In an interview on her online network Huffpost Live, Arianna Huffington spoke to the head of the International Monetary Fund, Christine Lagarde about events happening in Greece. Watch the interview below.
In an interview on her online network Huffpost Live, Arianna Huffington spoke to the head of the International Monetary Fund, Christine Lagarde about events happening in Greece. Watch the interview below.
5 comments
this interview did not enlighten me whatsoever… she kept repeating the same answer and neglecting the fact that their program has brought the opposite of growth and instead a humanitarian crisis of horrific proportions… I am so frustrated with their stupid answers… why don’t they just be transparent and say that the banks are our priority… WHY DID SHE SKIP OVER THE COMMENT OF SUICIDE RATES AND SADNESS OVER AN ENTIRE COUNTRY… are the few people in these banks more important than the millions of countries… I AM FED UP
Austerity is a political choice, not an economic necessity. The government choose to cut our vital public services instead of making the banks and tax dodgers pay up.

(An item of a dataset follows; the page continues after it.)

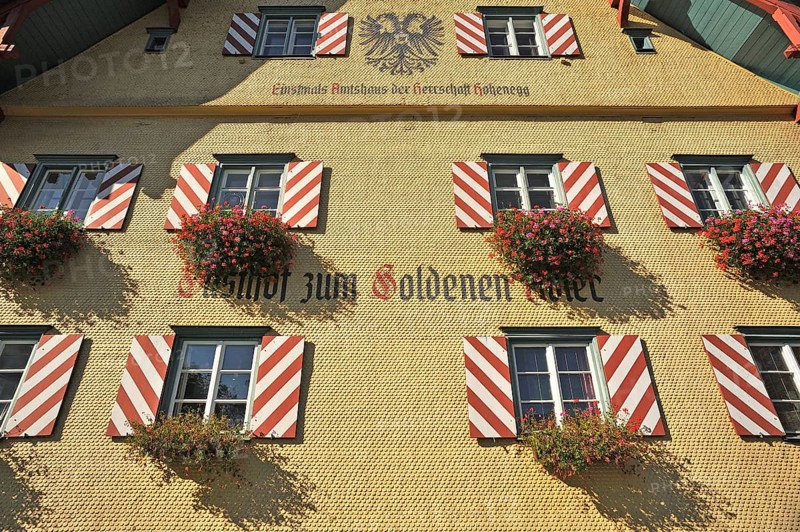 Shingle facade with windows and flower boxes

I thought the interviewer was extremely diplomatic about how she posed her questions. Journalism in a long road where you do not want to antagonize your high level sources and lose them. I am always puzzled how Madame Lagarde can get any work at all done with a deep tan like that. Anyone can laze in a lawn chair with a file folder and a lemonade. I do it all the time. The problem is that the sun has a tendency to throw the comprehension off. Einstein did not sit in the sun. He sat on his kitchen chair imagining what it would be like to sit on the end of a beam of light to see what he might see. Anyone who actually works on complex files knows there is no time to tan. We know that the last guy in her job, was not what his mother thought he was. What this boils down to is the points of reference of the Search and Employ Committee which hired her. The real give away that Ms. Lagarde may not be a financial whiz was when she kept repeating,
They must capitalize….mmm…bla bla bla capitalize, mmm capitalize…
Who…What kind of person would want to capitalizes on a humanitarian disaster is what we should be thinking about when we imagine ourselves sitting on a beam of light to see what we might see.
Now, its important to know that small business is not capital. It is not a book store. It is not an apartment block. Capital is big money. Big transnational money. Money that does not have its head office in the same place as its workers live. What she means by capitalize is, sell the Port of Pireaus harbour facilities to a foreign headquartered company who will lower the long shore workers wages. This would be like selling Ellis Island. The Greek people, the taxpayers paid to build the port. Once sold, they will never get it back. Say. war breaks out. Say, the aggressor state is the state in which the head office is located. See what I mean. You have sold a strategic resource. She means sell your fresh drinking water to a water company so they can charge people more than the town council charges. Say you sell your water supply, you will never get it back. Ms. Lagarde used to be the head of an international law firm. The reason you will not be able to get your port or your water or your olive groves back will be the iron clad international contracts which she knows all about with her eyes closed. That may, just may, be why, dear reader, that she is so tanned. Is she not a beauty.
I notice that Ms.. Huffington is not tanned.
Greece is the victim of a Wall Street swindle fronted by, amongst others, Angela Merkle and Christine Lagarde .
http://www.larouchepub.com/other/2015/4209grk_debt_swindle.html
Greece has problems. There is an entrenched corrupt political class. Corruption filters down to things like some people not paying their taxes. Prime Minister Tsipras has promised his voters that he will fight it. I believe him. Social change takes time. Honest working women everywhere have to speak up against queen bee madams like Christine Lagarde because the stakes are extremely high for Greece and for vulnerable women, men, children, the sick and aged.
PP, please don’t remove the link. People need real information.
At what cost and to whose benefit has the Greek deficit been been reduced!! Could it be…at the demise of Greece?